Samantha Hunt was born in 1971 in Pound Ridge, New York, the youngest of six siblings. She was raised in a house built in 1765 which wasn't haunted in the traditional sense but was so overstuffed with books— good and bad ones— that it had the effect of haunting Hunt all the same. Her mother is a painter and her father was an editor. In 1989 Hunt moved to Vermont where she studied literature, printmaking, and geology. She got her MFA from Warren Wilson College and then, in 1999, moved to New York City. While working on her writing, she held a number of odd jobs including a stint in an envelope factory.
Her first novel, The Seas, was published in 2004 by MacAdam/Cage and again in 2005 by Picador. It won the National Book Foundation's award for writers under 35. It was also voted one of the Top 27 Books of 2004 by the Voice Literary Supplement. The Seas imagines the life of a young woman growing up in the far, far north. Despite all the evidence to the contrary— namely, she has legs— the narrator believes she is a mermaid.
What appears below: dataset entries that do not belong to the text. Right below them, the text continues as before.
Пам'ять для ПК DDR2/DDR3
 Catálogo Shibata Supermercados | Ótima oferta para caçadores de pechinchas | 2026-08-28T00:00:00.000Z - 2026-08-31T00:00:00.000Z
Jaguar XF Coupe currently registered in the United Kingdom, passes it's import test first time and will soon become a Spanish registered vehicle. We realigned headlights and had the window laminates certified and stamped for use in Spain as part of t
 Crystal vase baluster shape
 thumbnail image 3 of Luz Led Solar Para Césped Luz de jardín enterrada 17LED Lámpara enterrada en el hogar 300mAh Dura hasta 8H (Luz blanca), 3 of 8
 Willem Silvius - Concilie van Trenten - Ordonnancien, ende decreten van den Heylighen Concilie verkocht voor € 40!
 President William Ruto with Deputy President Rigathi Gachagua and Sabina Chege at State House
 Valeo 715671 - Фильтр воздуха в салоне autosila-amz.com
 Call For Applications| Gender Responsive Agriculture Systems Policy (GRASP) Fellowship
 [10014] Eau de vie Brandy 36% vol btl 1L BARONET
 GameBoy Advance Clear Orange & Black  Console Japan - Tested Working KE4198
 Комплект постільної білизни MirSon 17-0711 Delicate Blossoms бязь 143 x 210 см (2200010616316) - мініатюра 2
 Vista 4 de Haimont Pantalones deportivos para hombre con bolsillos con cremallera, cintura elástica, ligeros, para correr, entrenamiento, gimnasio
Like The Seas, Hunt's second book points out mysteries rather than solving them. The Invention of Everything Else, published by Houghton Mifflin in 2008, is a novel about the very real, though forgotten inventor Nikola Tesla. Hunt spent three years researching Tesla, a man who lived most of his life in New York City hotel rooms; thought himself wed to a pigeon; was friends with Mark Twain; invented radio, AC electricity, and a motor powered by June bugs (when he was eight years old). He imagined photographing thought and constructing a stationary ring above the equator so that by simply staying put, a person could travel around the world in twenty-four hours. In the course of her research, Hunt met many Tesla fanatics and fans. She also got to take a bath in Tesla's tub at the Hotel New Yorker.
Hunt's short fiction and essays have appeared in The New Yorker, McSweeney's, Esquire, A Public Space, Cabinet, Tin House, Seed Magazine, New York Magazine, Blind Spot, Harper's Bazaar, The Believer, and on the radio program, This American Life. Her play, "The Difference Engine," a story about the life of Charles Babbage, was produced by the Theater of the Two-Headed Calf. Her work has been translated into seven languages. Hunt teaches writing at the Pratt Institute in Brooklyn.